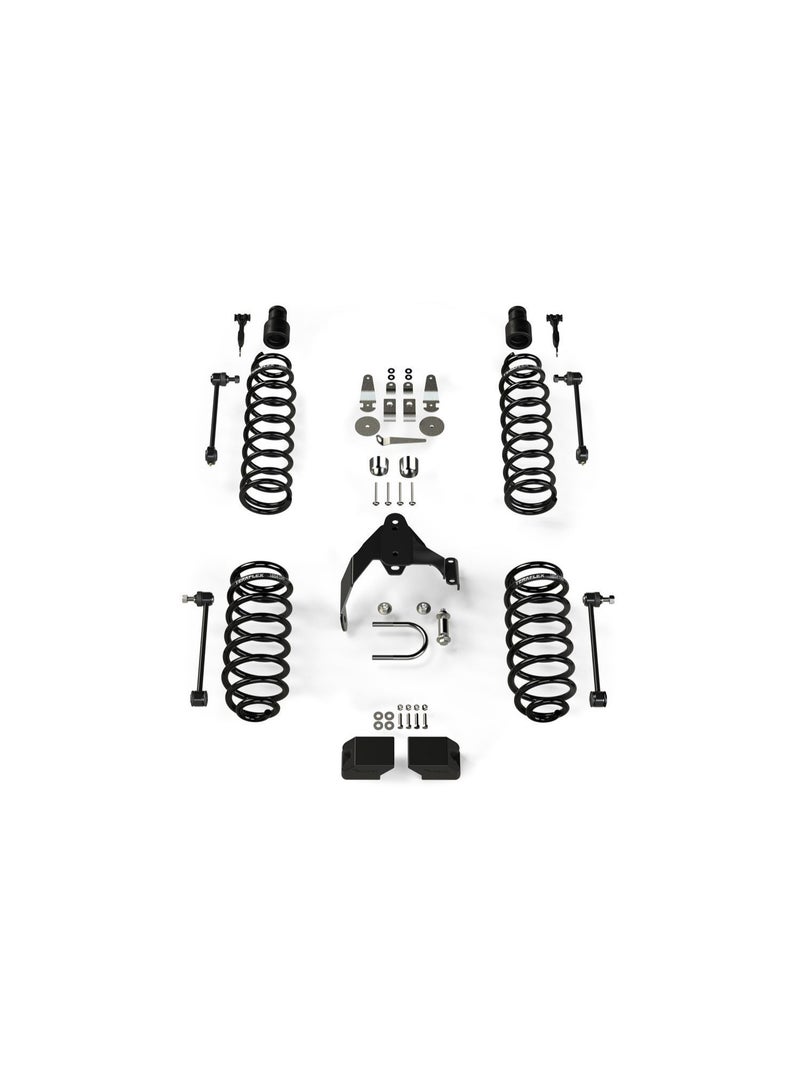 Teraflex 3" Spring Box Kit Jeep JK 2dr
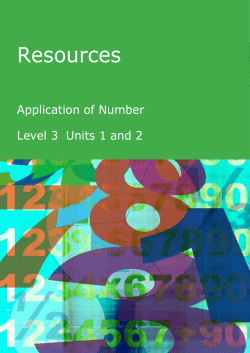 Resources - Youthreach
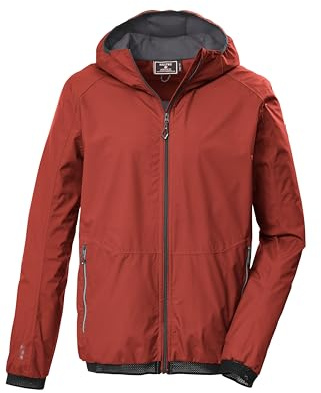 killtec Herren Funktionsjacke/Regenjacke/packbare Jacke wasserdicht mit Kapuze KOS 26 MN JCKT
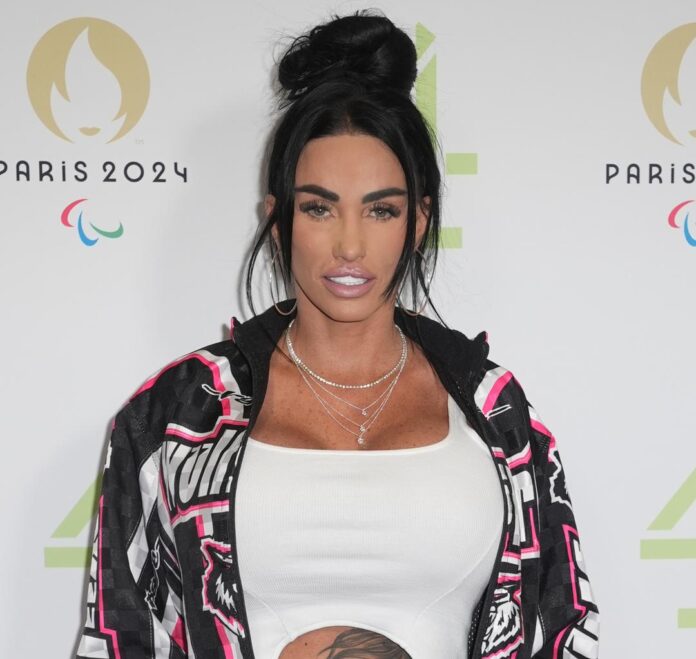 Arrestordre utstedt for Katie Price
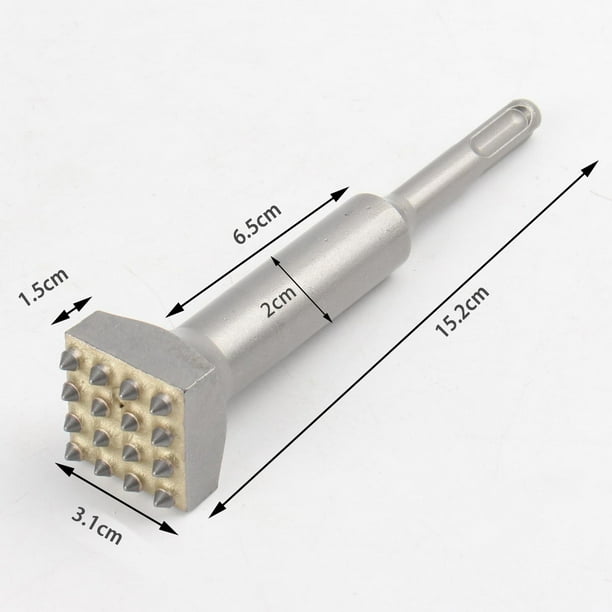 Electric Hammer Drill Bit Alloy Point Groove for Concrete Gouging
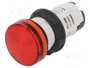SCHNEIDER ELECTRIC Lámpara de control Harmony XB7 roja 120V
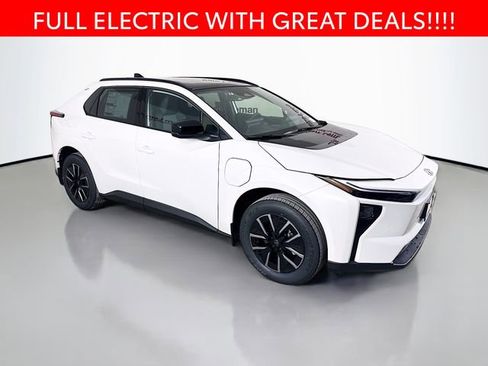 New 2026 Toyota bZ image 1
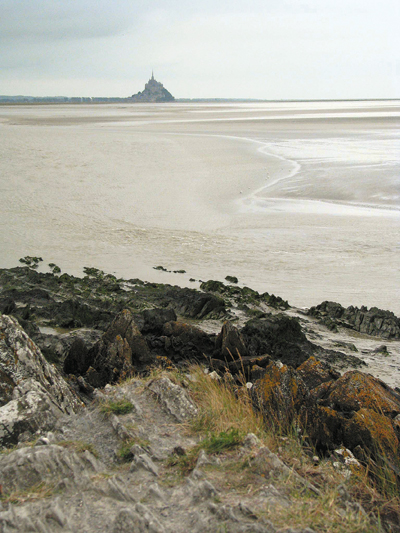 La baie du Mont-Saint-Michel vue du Groin du Sud. (© Jeannine Bavay)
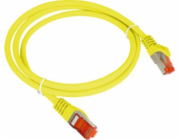 Alantec Patch-cord F/UTP kat.6 PVC 5,0m žlutá ALANTEC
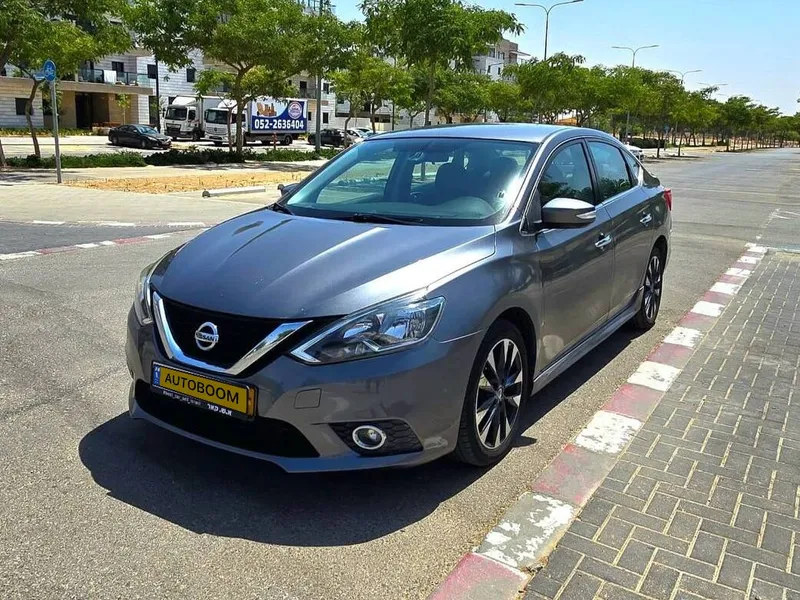 ניסאן סנטרה יד 2 רכב, 2021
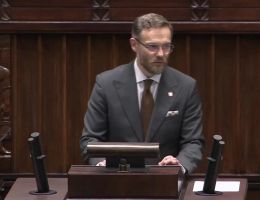 Poseł Zbigniew Bogucki - Wystąpienie z dnia 25 stycznia 2024 roku.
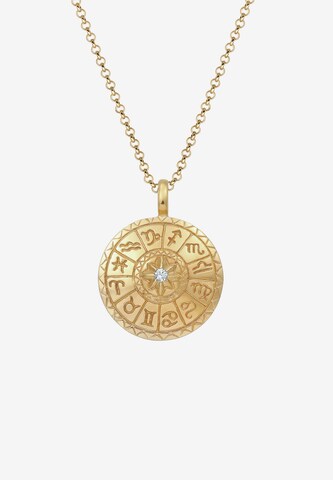 ELLI Necklace 'Astro, Sternzeichen, Vintage' in Gold: front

• • • • •

_Task brief_:
The response must consist of the entries above exactly as they stand, minus any pictures.

_Solution_:
 Teraflex 3" Spring Box Kit Jeep JK 2dr
 Resources - Youthreach
 killtec Herren Funktionsjacke/Regenjacke/packbare Jacke wasserdicht mit Kapuze KOS 26 MN JCKT
 Arrestordre utstedt for Katie Price
 Electric Hammer Drill Bit Alloy Point Groove for Concrete Gouging
SCHNEIDER ELECTRIC Lámpara de control Harmony XB7 roja 120V
 New 2026 Toyota bZ image 1
 La baie du Mont-Saint-Michel vue du Groin du Sud. (© Jeannine Bavay)
 Alantec Patch-cord F/UTP kat.6 PVC 5,0m žlutá ALANTEC
 ניסאן סנטרה יד 2 רכב, 2021
 Poseł Zbigniew Bogucki - Wystąpienie z dnia 25 stycznia 2024 roku.
 ELLI Necklace 'Astro, Sternzeichen, Vintage' in Gold: front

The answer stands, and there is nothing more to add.